Комиссар полиции проводит чрезвычайное совещание. В мэрии — переполох. На улицах появляются усиленные наряды полиции. В воздух поднимаются вертолёты. По телевизору показывают премьер-министра. Поэты пишут коллективное воззвание. В Тель-Авив прибывает гуманитарная помощь из Иерусалима, Хайфы и Эйлата в виде бригады дипломированных маляров, готовых бесплатно, из одного лишь чувства патриотического долга перекрасить люки в исконный металлический цвет.
Контрразведка предпринимает меры: Тель-Авив переполнен тайными агентами, которые заглядывают в окна и крадутся вдоль городских стен.
Проходит неделя.
За ней — другая.
Слякоть и дорожная пыль, автомобильные шины и каблуки пешеходов к концу месяца превращают праздничную особицу в серый дорожный пейзаж: жёлтые канализационные люки один за другим гаснут, погребённые под слоем регулярных городских выделений. Шумиха мало-помалу стихает. Маляры отправляются восвояси, так и не приступив к исполнению гуманитарного долга. Контрразведчики и детективы неприкаянно бродят по улицам, шарахаясь от собственной тени.

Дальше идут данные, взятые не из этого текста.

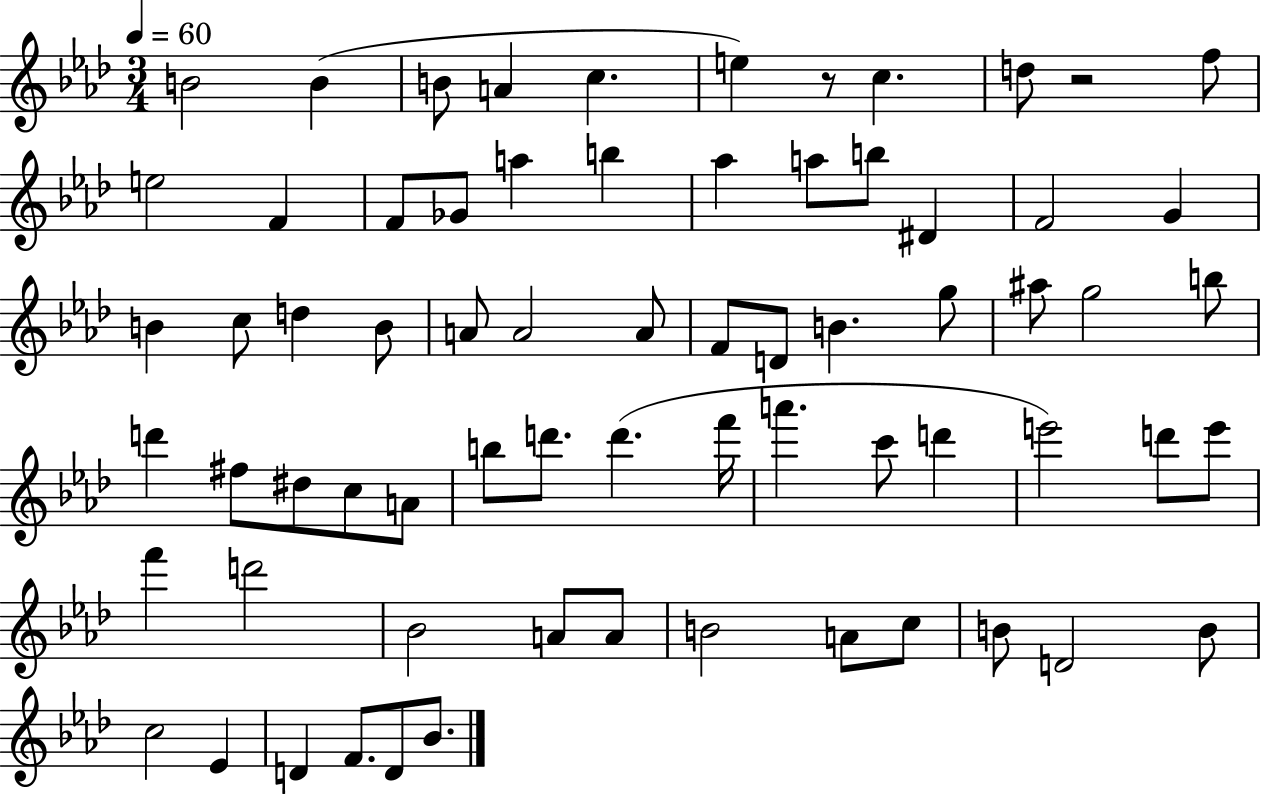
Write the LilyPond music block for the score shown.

{
  \clef treble
  \numericTimeSignature
  \time 3/4
  \key aes \major
  \tempo 4 = 60
  \repeat volta 2 { b'2 b'4( | b'8 a'4 c''4. | e''4) r8 c''4. | d''8 r2 f''8 | \break e''2 f'4 | f'8 ges'8 a''4 b''4 | aes''4 a''8 b''8 dis'4 | f'2 g'4 | \break b'4 c''8 d''4 b'8 | a'8 a'2 a'8 | f'8 d'8 b'4. g''8 | ais''8 g''2 b''8 | \break d'''4 fis''8 dis''8 c''8 a'8 | b''8 d'''8. d'''4.( f'''16 | a'''4. c'''8 d'''4 | e'''2) d'''8 e'''8 | \break f'''4 d'''2 | bes'2 a'8 a'8 | b'2 a'8 c''8 | b'8 d'2 b'8 | \break c''2 ees'4 | d'4 f'8. d'8 bes'8. | } \bar "|."
}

Наконец, город совершенно забывает о случившемся, похоронив мимолётное воспоминание в тайниках и архивах собственной памяти. Зима, как ни в чём не бывало, вяжет варежки и варит фирменное тель-авивское варенье из плодов манго и дикого пустынного кактуса.
Не лучшее утро для Шуберта
Маэстро Шимон — вот как называют его охранники и банковские служащие. Галстук-бабочка. Нелепый, хлопающий на ветру фрак. Когда-то его звали Семён Аркадьевич. На обложках старых граммофонных пластинок Ран видел его — молодым, в окружении улыбающихся коллег-оркестрантов. Лицо зубрилы-отличника. Концерты, запись на радио. По выходным — частные уроки. Он и теперь даёт уроки — вечером, а по утрам играет у банкомата при входе в Дизенгоф-центр: футляр нараспашку. На пропитание. Не самая успешная карьера, но всё лучше, чем мыть жопы.
— Что значит «жопы»? — удивляется Ран. — Что ещё за…
— Такие, знаешь, дряблые синие жопы, — улыбается Маэстро Шимон. — Даже не спрашивай. Тебе бы они не понравились.
Тонированная стеклянная дверь отворяется, выглядывает девушка и протягивает музыканту дымящийся пластиковый стаканчик (ветер снимает пар и уносит в сторону): Маэстро, г-н Арье просит Шуберта.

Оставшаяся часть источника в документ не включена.